A Defesa Civil afirma que três sensores instalados na região apresentam alertas de movimentação. A mina está afundando 1cm por hora, um índice menor do que o apresentado na manhã de sexta —era de 2,6 cm por hora. No total, são 1,43 m acumulados.

Para o geólogo Pedro Cortês, professor da USP (Universidade de São Paulo), a situação é uma "tragédia anunciada" que pode criar uma região fantasma na cidade.

Segundo ele, a gravidade é explicada pelo fato de o minério da região ser altamente solúvel, ao mesmo tempo em que há água dos dois lados: de um, uma lagoa, e do outro, o oceano Atlântico.

"Há décadas, havia um perigo de mineração na área que passava por um processo de urbanização e, mesmo com análises e protestos, nada impediu que continuasse."
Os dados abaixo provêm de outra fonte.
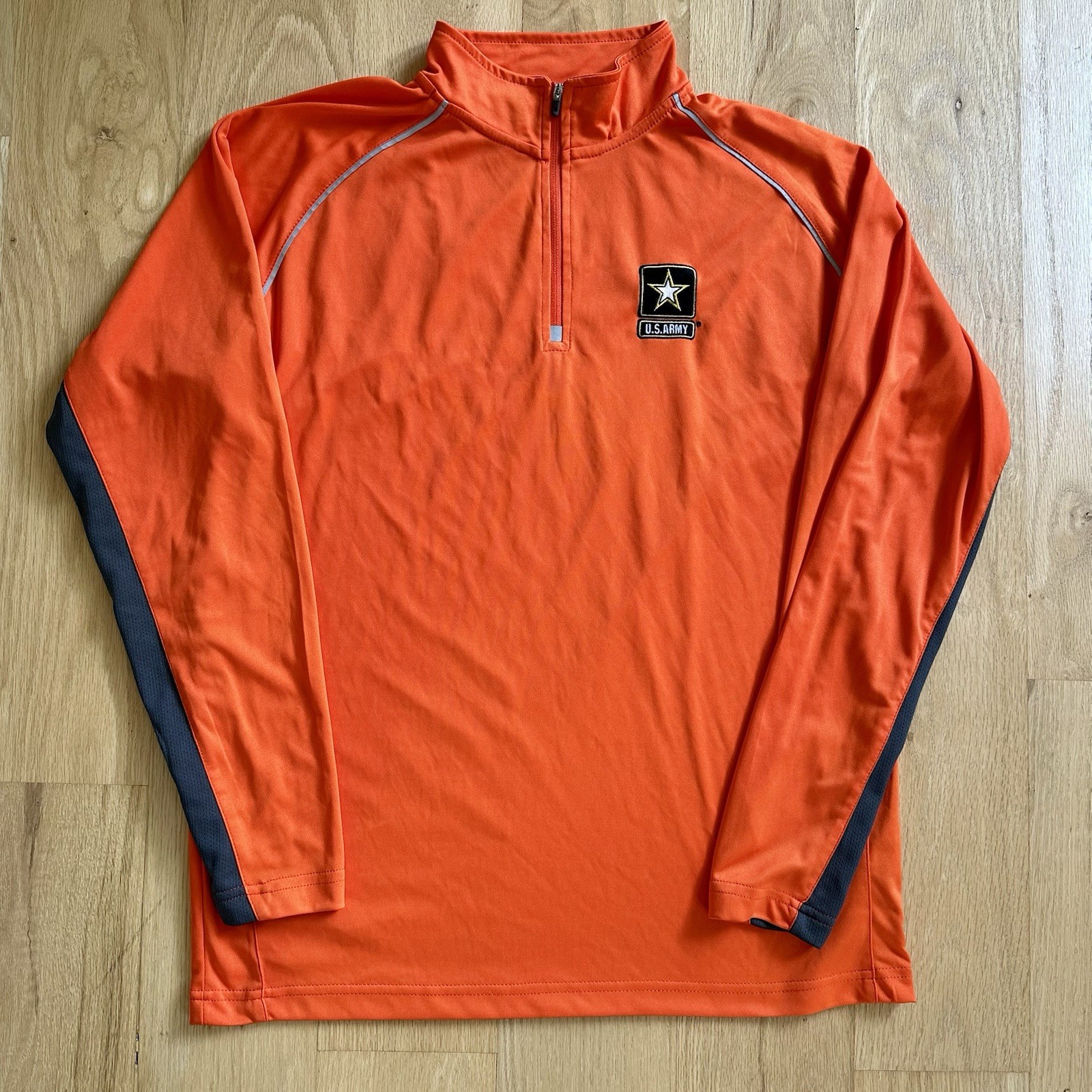 US Army Orange 1/4 Zip Performance Pullover - Men Medium - J America Sportswear gallery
Para o prefeito da capital, João Henrique Caldas (PL), o cenário trágico que a região da cidade vive hoje é fruto de uma "exploração predatória e gananciosa" da Braskem na região.

"Estamos vivendo em Maceió desde 2018 uma dor crônica que está sempre presente, fica nos assombrando, e trazendo para todos nós um desafio que vai para além das nossas capacidades", disse em entrevista ao canal GloboNews na tarde desta sexta-feira (1º).
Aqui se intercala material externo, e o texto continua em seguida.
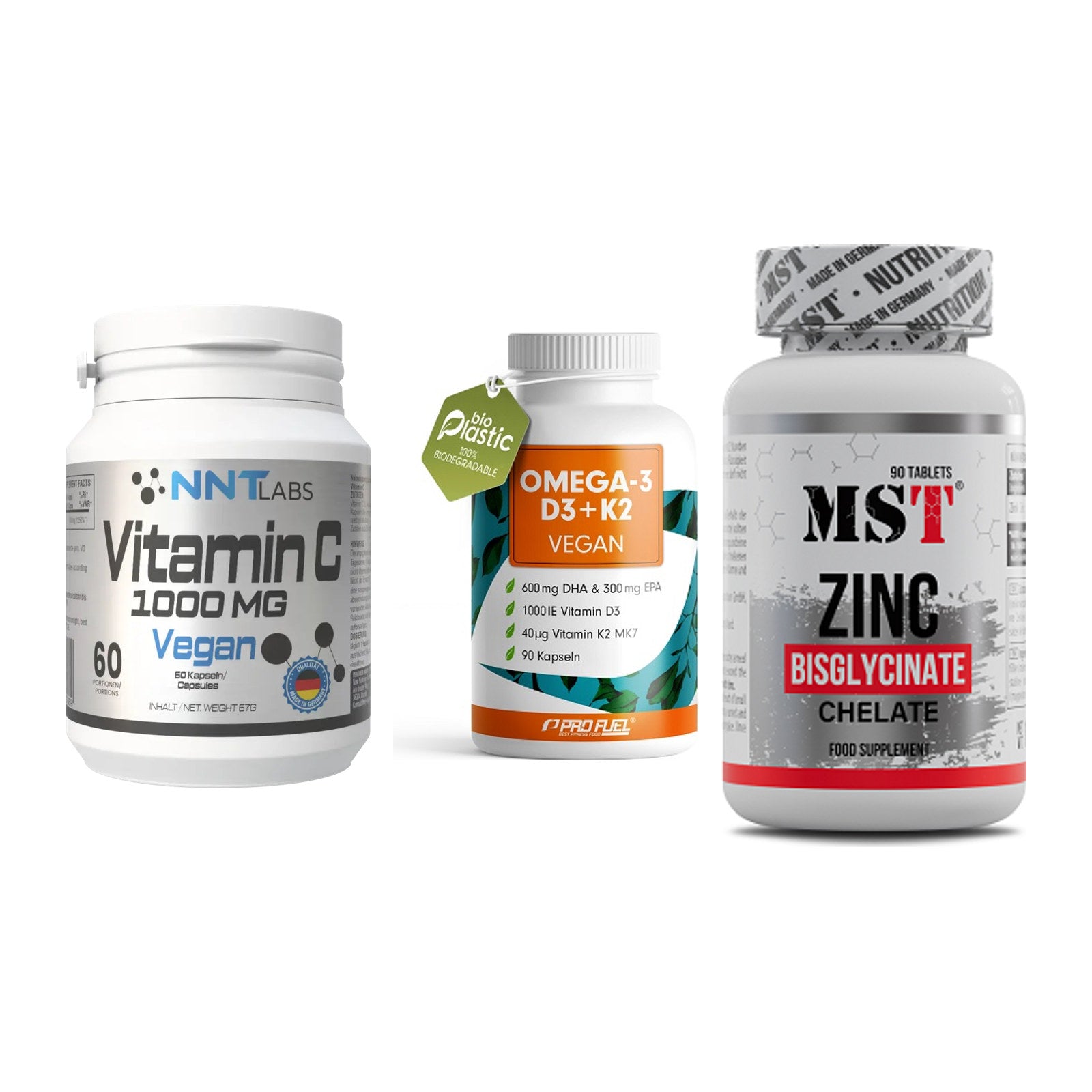 Immun-Set: NNT Vitamin C + ProFuel Omega 3 + MST Zinc Chelate – alle enthaltenen Artikel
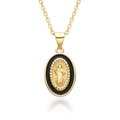 Vue détaillée du pendentif ovale religieux avec relief doré de Marie et fond noir élégant - Style de Relief Noir (A062)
Em nota, a Braskem diz que tem monitorado o local e que dados atuais "demonstram que a acomodação do solo segue concentrada na área dessa mina e que essa acomodação poderá se desenvolver de duas maneiras: um cenário é o de acomodação gradual até a estabilização; o segundo é o de uma possível acomodação abrupta".
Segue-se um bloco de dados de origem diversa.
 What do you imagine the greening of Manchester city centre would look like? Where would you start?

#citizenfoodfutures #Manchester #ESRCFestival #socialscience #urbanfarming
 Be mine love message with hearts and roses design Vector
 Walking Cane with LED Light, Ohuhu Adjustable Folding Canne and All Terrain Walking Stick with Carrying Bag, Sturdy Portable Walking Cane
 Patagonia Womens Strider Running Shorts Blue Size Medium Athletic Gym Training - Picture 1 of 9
A empresa não comentou a fala do prefeito, mas disse que a área atingida está desabitada desde 2020 e que houve a realocação dos moradores de 23 imóveis localizados na área de risco.

Em nota, a prefeitura diz que disponibilizou abrigos para acolher a população de forma emergencial. "Ao mesmo tempo, a prefeitura já solicitou ao governo federal apoio para garantir moradias à população que foi obrigada a deixar suas casas", diz o comunicado.

De acordo com a gestão, 83 pessoas aceitaram ir para os abrigos organizados. São seis escolas municipais e a Casa de Passagem Familiar dispostos, abastecidos com colchões, lençóis, kits de higiene pessoal e alimentação.

Além disso, cerca de 14 bairros tiveram o abastecimento de água afetado na madrugada e manhã desta sexta por conta do iminente colapso da mina, já que a Companhia de Saneamento de Alagoas (Casal) paralisou as atividades na Estação de Tratamento de Água (ETA) Sistema Cardoso. O sistema começou a ser restabelecido por volta das 11h.